On a recent trip to Las Vegas, Fathom's Pavia Rosati has an adrenaline-rich afternoon doing something she never thought she'd do: drive a NASCAR.

LAS VEGAS – My history with race cars looks something like this:

Age 13, Florida

On tail end of trip to Disney World in Orlando, NASCAR-obsessed younger brother Peter begs mother to stop in Daytona on the way back home to New Jersey. Nice Italian mother indulges son. Since I'm not old enough to drive myself anywhere, we all spend the day watching cars tearing around an oval ring. For endless hours. And hours. Brother in heaven. Me bored to tears.

Age 18, New Jersey

Racing down route 130 from my best friend Jessie's house in East Brunswick to my house in Hamilton. Me in my Ford Taurus, Jessie and Peter in her VW Golf. New Jersey State Trooper (officers notorious for having badass take-no-prisoners-alive attitude) clocks us doing 88 mph in 50 mph zone. Jessie pulls up alongside me, rolls down window and says, "Cop. HIDE." Fast thinkers that we are, we pull off the road into an abandoned lot, drive to the back of a decrepit building, and park beside an abandoned trailer. Cop follows. "Girls," he says, "did you think I wouldn't find you? Really?" Miraculously, no speeding tickets are issued nor moving violations filed, much as they're warranted. Jessie, Peter, and I think it's all very exciting. My prosecutor father, less so.

Age 27, Rio de Janeiro

Fiancé at the time takes me to see Formula 1 races outside Rio. It's a hot spring Sunday, and all I can think about is the feijoada I'd rather be eating and the waves I'd rather be body surfing in Ipanema. Then-fiancé takes photos with zoom lens — eleven rolls of film to be precise — of cars speeding by. In circles. And more circles. For hours. Then-fiancé totally enthralled. Me bored to tears.

Two Weeks Ago, Las Vegas

On the runway at JFK, I post an Instagram picture and mention that I'm on my way to Las Vegas for a wedding. When I land, Kurstin Christie, a publicist who I know casually, has sent me an email asking if she can connect me with her hotel client and, "totally out of the box — I also work with the Richard Petty Driving Experience so I can get you on behind the wheel of a NASCAR race car and on the track if you want."

Thanks, I write back, the client isn't right for Fathom. But, um, hello, DID YOU SAY RACE CAR DRIVING? Because while I may have no interest in watching cars go speeding past me at top speeds, I absolutely do have an interest in being the one doing the speeding. And as coincidence would have it, Jessie, she of the racing experience on route 130 a few decades ago, was meeting me in Vegas for the wedding. I couldn't imagine a better partner in crime. This had to be a sign.

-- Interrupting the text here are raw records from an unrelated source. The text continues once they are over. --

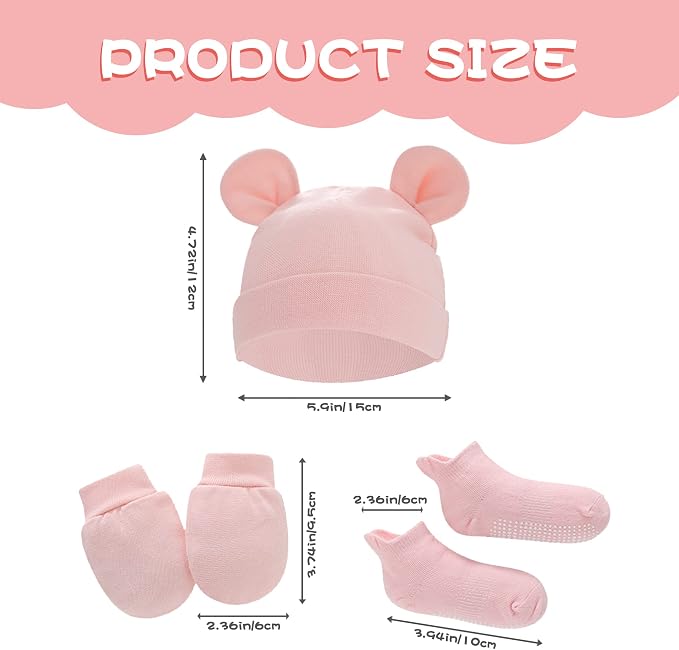 UTTPLL Newborn Hats Mittens Set Toddler Girls Boys Cotton Nursery Hospital - Image 5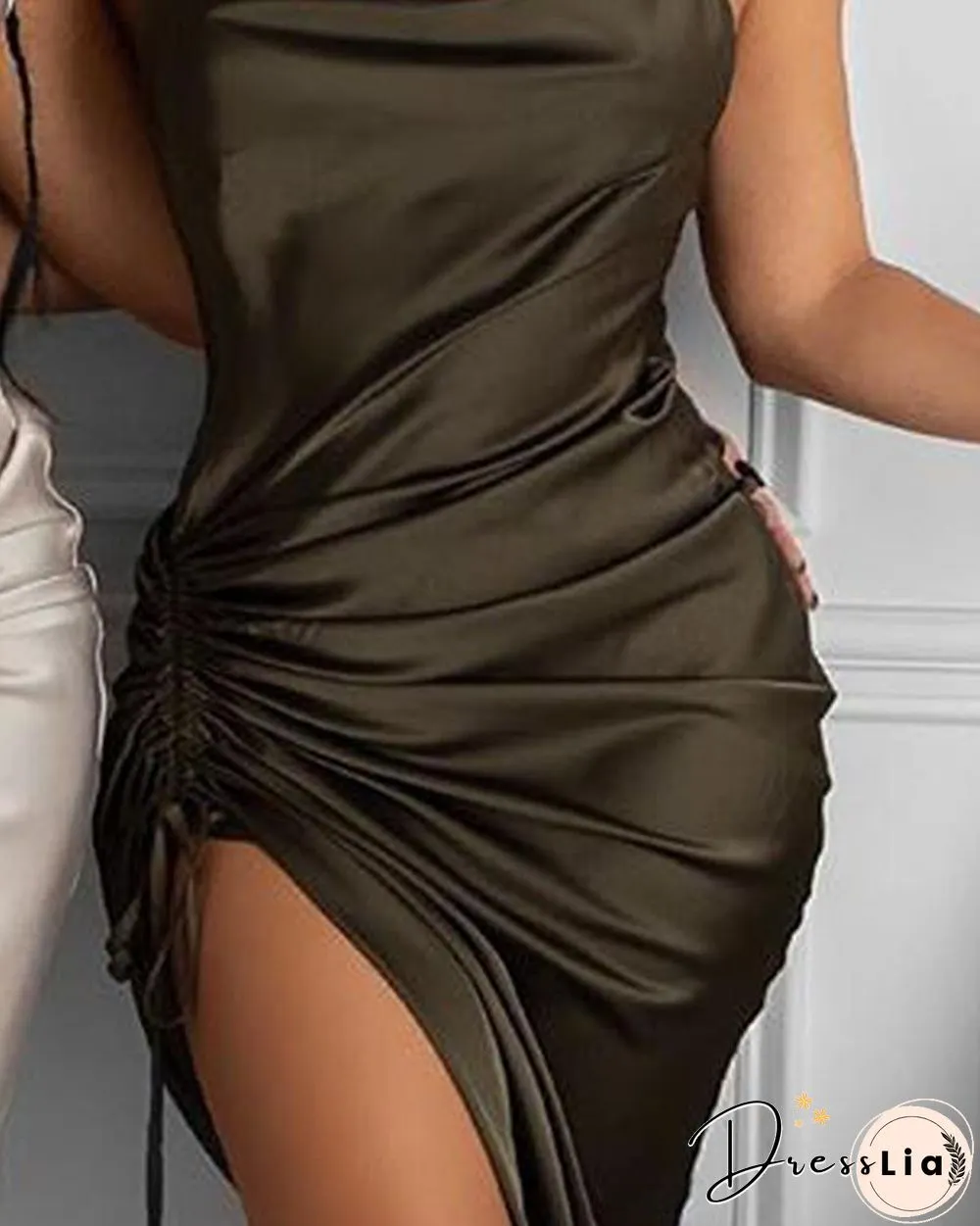 Ruched Drawstring Satin Bodycon Dress P14453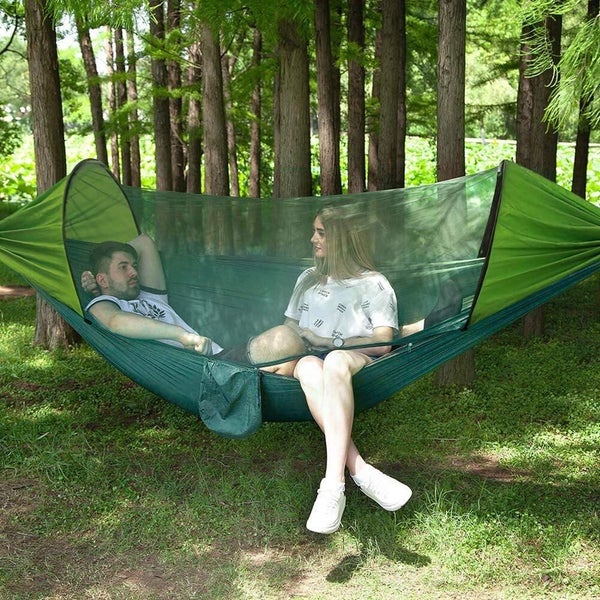 2 Person Hammock With Mosquito Net For Camping Tent Hanging Bed Travel Green Carousel 2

Done, Kurstin replied. You and Jessie are all set for tomorrow at noon. Pick-up is at the Paris casino at 10:45. Have fun.


Richard Petty Driving Experience

It's a gorgeous sunny Saturday, a perfect day for a drive. I had spent Friday night with the wedding party bragging about the racing I would soon be doing. Really, I couldn't shut up about it to everyone. Except the one person who really needed to know: my brother, lifelong race car fanatic. In another coincidence, that same Saturday was his birthday. How could I break it to him that I'd be spending his day in the NASCAR way?

Jessie and I piled into the van for the half-hour drive from the Strip to the 1500-acre Las Vegas Motor Speedway complex, which is home to several companies designed to deliver the automotive experiences that dreams are made of: muscle cars, Ferraris, NASCAR, Indy.

Walking into the office, we cross paths with two guys who had done the morning run.

"How fast did you get?" our driver asks, which I come to realize is really the only question everyone cares about.

"143," said the taller of the two. "It was a good run."

I make a mental note: 140. Must drive 140.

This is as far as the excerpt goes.